An article in a recent issue of New Scientist highlights the potential partnership between computers and mathematicians. It begins with an account of the use of computers in a proof that would do little, it seems, to provide greater understanding, or greater insight into the content of the idea the proof explores. The computer program merely exhausts the counter examples of a theorem, thereby proving it true (a task far too impractical to attack by hand). Reviewing this kind of proof, however, requires checking computer code, and this is something that referees in mathematics are not likely to want to do. And so efforts have been made to make the checking easier by employing something called a ‘proof assistant.’ The article doesn’t do much to clarify how the ‘proof assistant’ works, and says just a little about how it makes things easier. But a question that comes to mind quickly for me is whether such a proof could reveal new bridges between different sub-disciplines of mathematics, the way the traditional effort has been known to do.

A discussion of the work of prominent mathematician Vladimir Voevodsky follows. This work takes us back to foundational questions and clearly addresses those bridges. While mathematics is grounded in set theory, this foundation can allow more than one way to define the same mathematical object. Voevodsky decided to try to fix the problem that this creates for computer generated proofs.
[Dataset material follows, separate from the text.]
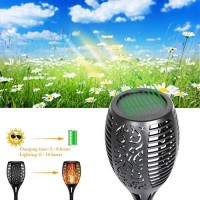 Faishilan 6 Pack Solar Flame Flickering Torch Solar Outdoor Lights Led Waterproof Solar Flame Light Torches Landscape Torch Solar Powered Led Light For Outside Pathway Yard Dusk To Dawn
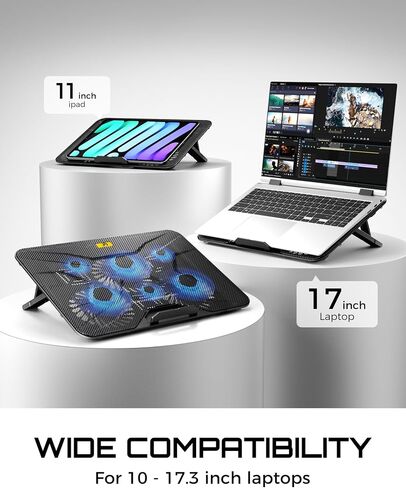 Laptop Cooling Pad for 12-17.3 Inch Laptops, Slim Stand with 6 Quiet Fans | 7 Adjustable Heights, 2 USB Ports, Portable Cooling Mat for Office & Home in Saudi Arabia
…if two computer proofs use different definitions for the same thing, they will be incompatible. “We cannot compare the results, because at the core they are based on two different things,” says Voevodsky.

Voevodsky swaps sets for types described as “a stricter way of defining mathematical objects in which every concept has exactly one definition.

“This lets mathematicians formulate their ideas with a proof assistant directly, rather than having to translate them later. In 2013 Voefodsky and colleagues published a book explaining the principles behind the new foundations. In a reversal of the norm, they wrote the book with a proof assistant and then “unformalized” it to produce something more human-friendly.

There’s a very well-written description of the history and recent successes of Voevodsky’s work in a Quanta Magazine piece from May 2015. Voevodsky’s new formalism is called the univalent foundation of mathematics. The Quanta article describes how these ideas grew from existing formalisms in reasonable detail. But, what I find most interesting is the surprising consistency among particular ideas from computer science, logic and mathematics.

This consistency and convenience reflects something deeper about the program, said Daniel Grayson, an emeritus professor of mathematics at the University of Illinois at Urbana-Champaign. The strength of univalent foundations lies in the fact that it taps into a previously hidden structure in mathematics.

“What’s appealing and different about [univalent foundations], especially if you start viewing [it] as replacing set theory,” he said, “is that it appears that ideas from topology come into the very foundation of mathematics.”

One of the youngest sub-disciplines finds its way into the foundation, a very appealing and suggestive idea. Finding hidden structure is what always looks magical about mathematics. And it is, fundamentally, what human cognition is all about.

There’s a nice report on one of Voevodsky’s talks in a Scientific American Guest Blog from 2013 by Julie Rehmeyer that includes a video of the talk itself.

This topic requires a closer look, which I expect to do with a follow-up to this post.